The cast may be evolving, but the scenery and soundtrack remain the same. The gorgeous half-moon of Pattaya Bay swoops around the headland to (slightly) more refined Hat Jomtien, and delicate sea-breezes whip up a heady cocktail of suntan lotion, fast food, and motorcycle and jet-ski fumes. Wide-eyed package tourists jostle with Indian tailors, ruddy-faced middle-aged Western men, and beachfront fruit and seafood vendors. Thumping beats, cruising ‘baht buses’ and the commercial hubbub provide an irresistible symphony. And after dark the tourists’ eyes open even wider with a stroll past Pattaya’s infamous go-go bars amid the sex tourism hub of Walking St.
Pattaya’s a stay up late kind of town, but wake up earlier than most and there are activities galore to redress your daytime/nighttime balance. Hit the dive shops to explore the city’s offshore reefs and wrecks, or get some fresh air on world-class golf courses. And if you’re here with the family, the kids (and mum and dad), will find plenty to do to make it a real holiday. The town’s wicked essence remains defiantly intact, but around the fringes it’s softening and becoming more inclusive. If you welcome it with a dash of confidence and a pinch of adventure, Pattaya’s sun-kissed pursuit of happiness might prove irresistible.
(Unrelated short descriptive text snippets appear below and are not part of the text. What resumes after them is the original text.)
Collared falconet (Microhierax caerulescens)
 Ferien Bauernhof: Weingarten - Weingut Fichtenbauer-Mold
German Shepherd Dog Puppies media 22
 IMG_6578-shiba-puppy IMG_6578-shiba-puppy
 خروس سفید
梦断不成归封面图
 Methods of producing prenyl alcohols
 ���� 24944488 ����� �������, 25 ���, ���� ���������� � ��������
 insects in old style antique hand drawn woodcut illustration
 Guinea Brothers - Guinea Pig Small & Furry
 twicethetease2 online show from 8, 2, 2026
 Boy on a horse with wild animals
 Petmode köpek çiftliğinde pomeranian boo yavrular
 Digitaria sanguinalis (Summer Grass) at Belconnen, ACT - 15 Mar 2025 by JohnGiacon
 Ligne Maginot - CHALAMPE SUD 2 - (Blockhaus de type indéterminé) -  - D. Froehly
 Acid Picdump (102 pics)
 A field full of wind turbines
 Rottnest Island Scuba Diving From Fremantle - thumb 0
US GIs kick-started Pattaya’s dramatic transformation from quiet fishing village into throbbing tourist Mecca when they ventured down the coast in search of fun and frolics from their base in Nakhon Ratchasima. That was 1959. During the Vietnam War, the flow becomes a flood as troops on leave arrived to soak up Pattaya’s cocktail of sun, sand and sex. Package – and sex – tourists followed, and Southeastern Thailand’s golden goose grew fat on the seemingly bottomless pot of dollars pouring into the local economy.
More recently Pattaya is striving to re-position itself as a ‘family-friendly’ destination, and while the grit, glitz and seedy glamour remain, the ‘town that sex built’ is now offering more attractions that won’t have the kids asking awkward questions.
Curving around Ao Pattaya (Pattaya Bay), Hat Pattaya (Pattaya Beach) is the city’s showcase stretch of sand. Th Hat Pattaya (known colloquially as Beach Rd) runs along the waterfront and is lined with hotels, shopping centres and, towards the north, go-go bars. At the southern end of Th Hat Pattaya, ‘Walking St’ is a semi-pedestrianised jumble of restaurants and nightclubs. The alleyways running between Th Hat Pattaya and Th Pattaya 2 each have their own character: Soi 13 is filled with pleasant, midrange hotels while Soi 3 is the heart of the gay area, dubbed ‘Boyztown’. Development is ongoing, and at the time of writing the third street back from the beach, Th Pattaya 3, was awash with the construction of new hotels, bars and restaurants. If you’re after a tad more tranquility then head to Hat Jomtien, a 6km stretch of attractive beach and cleaner water, 5km south of Hat Pattaya. Hat Naklua, a smaller beach 1km north of Pattaya, is also quiet.